### TASK GOAL
From the first line to the last, restate the data exactly, leaving out the images.

### DATASET CONTENT
+--

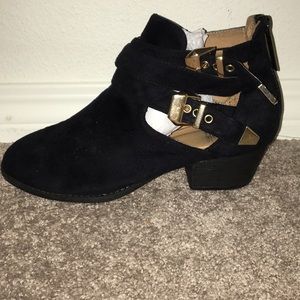 Zip Up & GO Ankle Booties
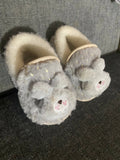 Baby_shoes_grey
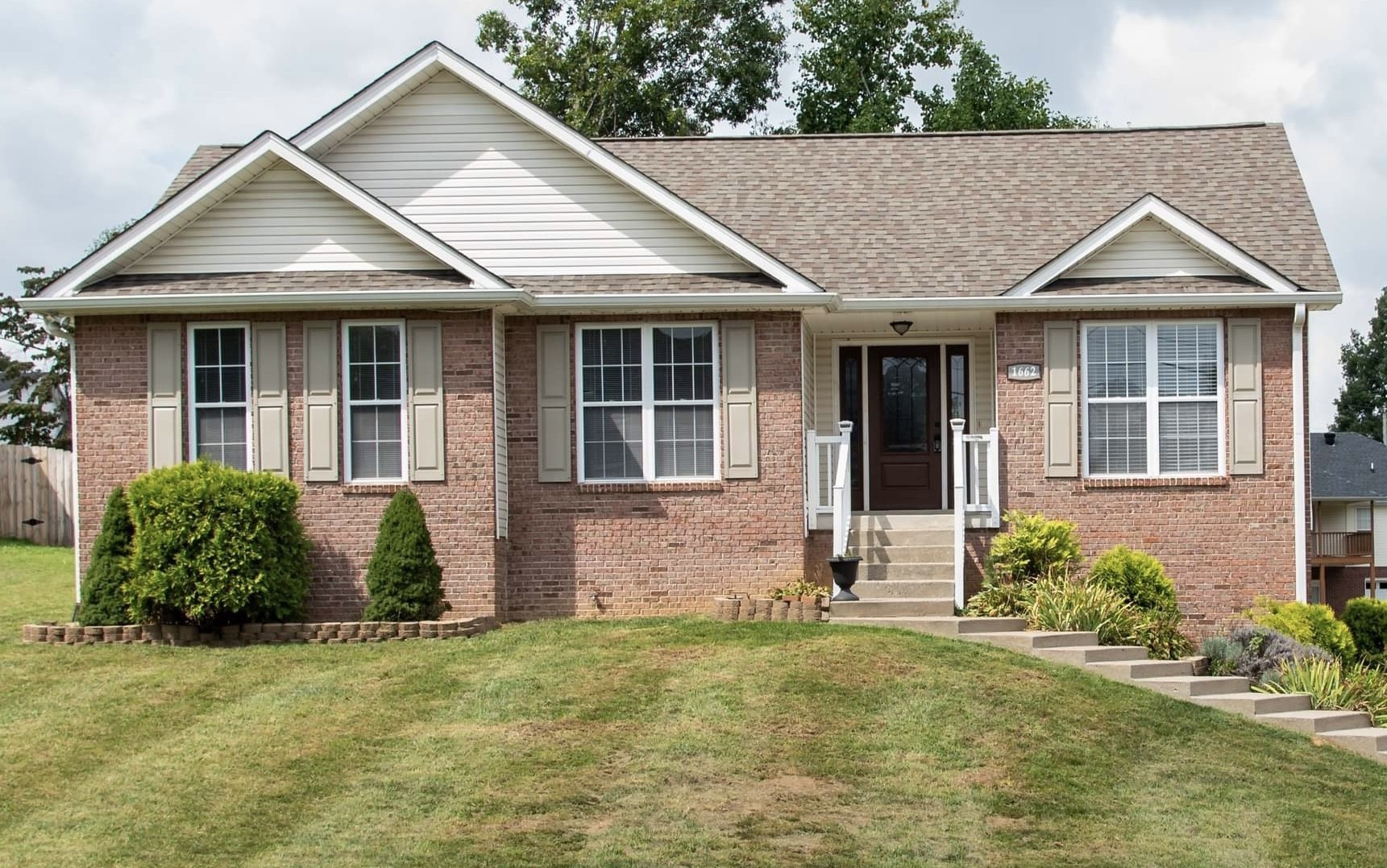 1662 Windriver Rd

+--

### SOLUTION BELOW
 Zip Up & GO Ankle Booties
 Baby_shoes_grey
 1662 Windriver Rd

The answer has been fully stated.